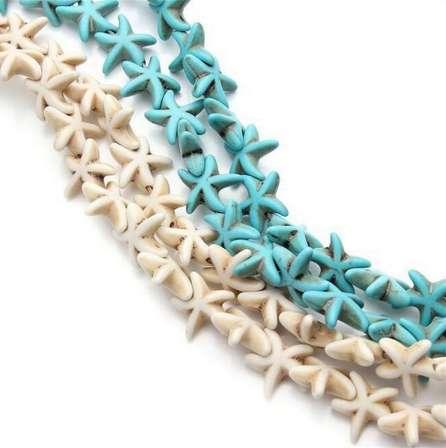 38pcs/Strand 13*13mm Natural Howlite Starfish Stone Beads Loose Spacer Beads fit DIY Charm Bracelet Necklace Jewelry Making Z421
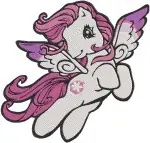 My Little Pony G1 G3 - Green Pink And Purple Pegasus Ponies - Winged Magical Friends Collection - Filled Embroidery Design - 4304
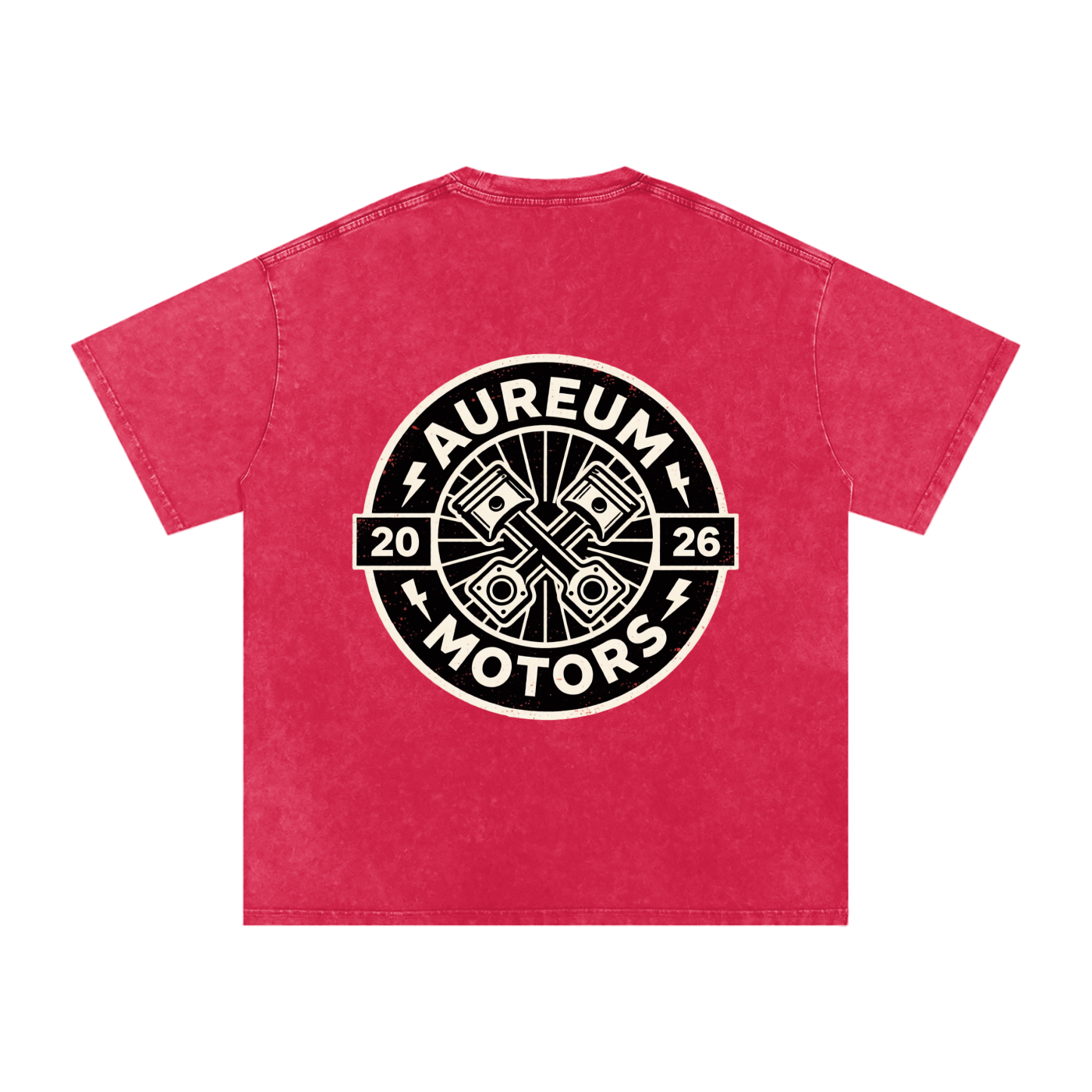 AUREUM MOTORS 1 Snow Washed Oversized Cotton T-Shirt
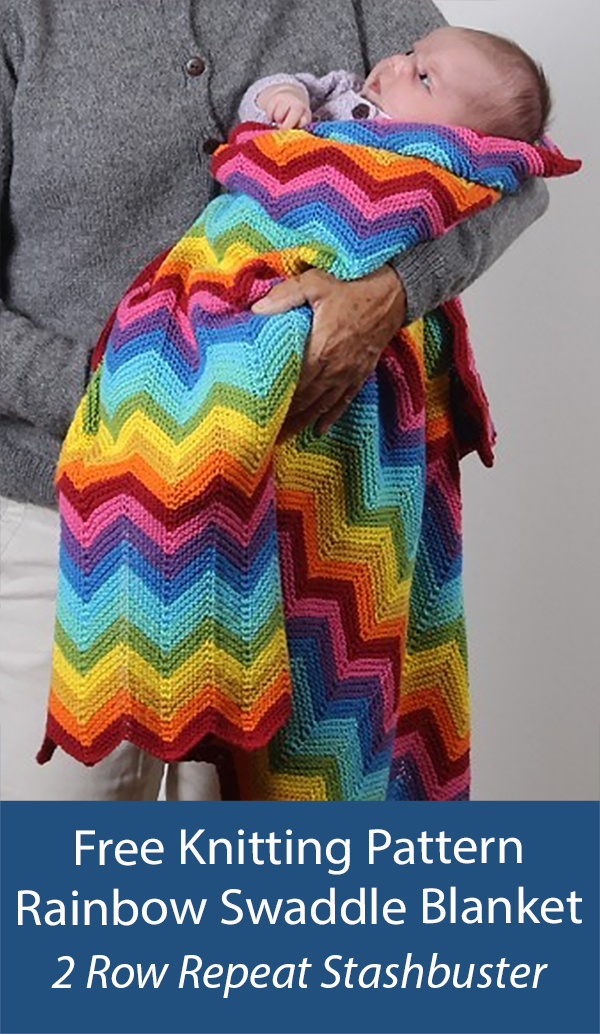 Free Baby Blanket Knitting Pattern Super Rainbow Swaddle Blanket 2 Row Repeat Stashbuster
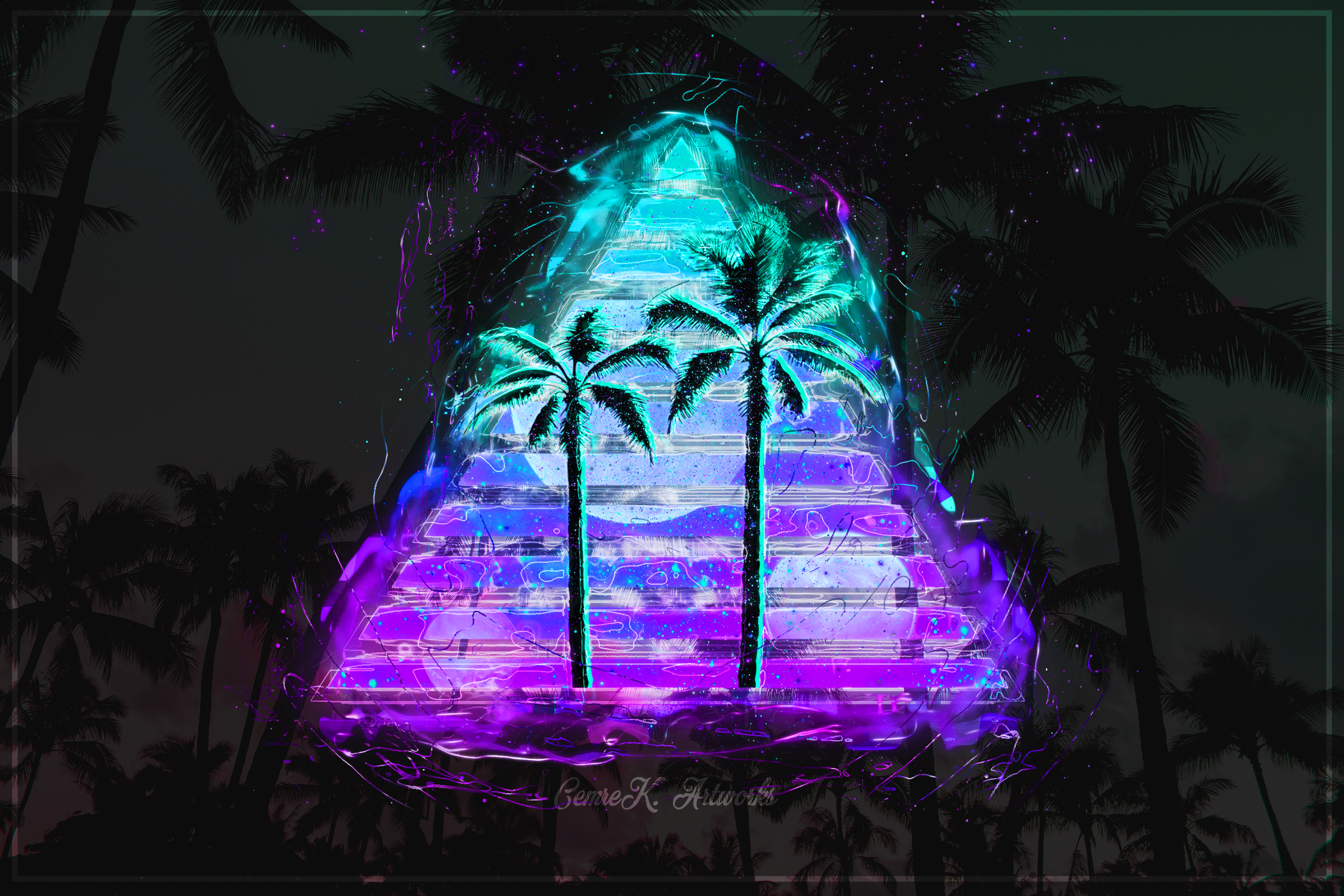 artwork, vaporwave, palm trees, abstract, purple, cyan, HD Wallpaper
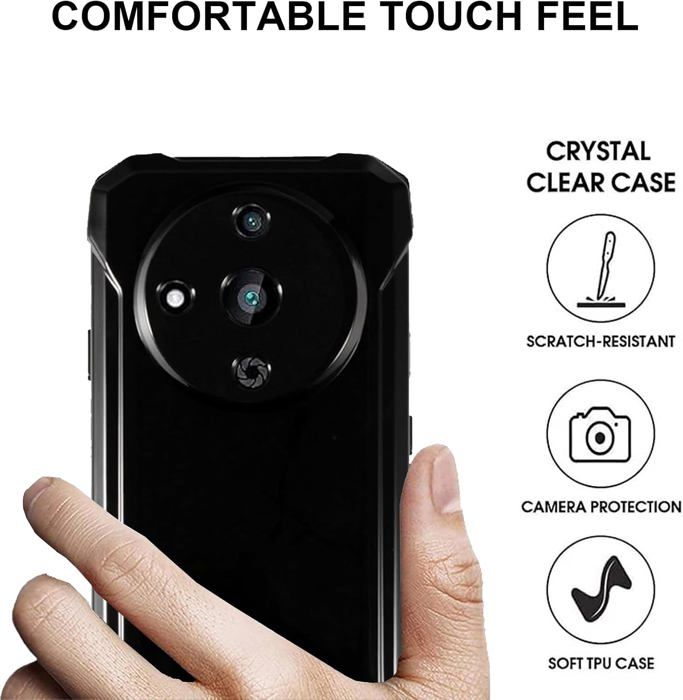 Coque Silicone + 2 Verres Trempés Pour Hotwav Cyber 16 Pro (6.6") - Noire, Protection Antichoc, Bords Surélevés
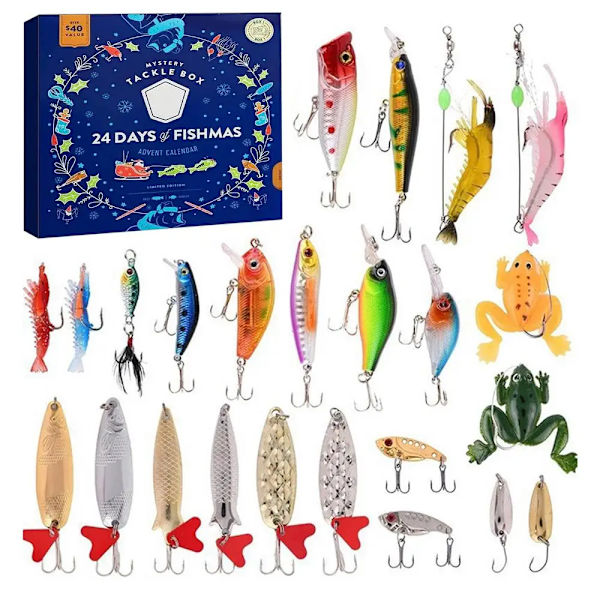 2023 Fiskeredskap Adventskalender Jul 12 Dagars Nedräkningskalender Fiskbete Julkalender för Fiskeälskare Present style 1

================================

= Goal of the exercise =
What you return must match the data above exactly, with no images included.

= Your response =
 38pcs/Strand 13*13mm Natural Howlite Starfish Stone Beads Loose Spacer Beads fit DIY Charm Bracelet Necklace Jewelry Making Z421
 My Little Pony G1 G3 - Green Pink And Purple Pegasus Ponies - Winged Magical Friends Collection - Filled Embroidery Design - 4304
 AUREUM MOTORS 1 Snow Washed Oversized Cotton T-Shirt
 Free Baby Blanket Knitting Pattern Super Rainbow Swaddle Blanket 2 Row Repeat Stashbuster
 artwork, vaporwave, palm trees, abstract, purple, cyan, HD Wallpaper
 Coque Silicone + 2 Verres Trempés Pour Hotwav Cyber 16 Pro (6.6") - Noire, Protection Antichoc, Bords Surélevés
 2023 Fiskeredskap Adventskalender Jul 12 Dagars Nedräkningskalender Fiskbete Julkalender för Fiskeälskare Present style 1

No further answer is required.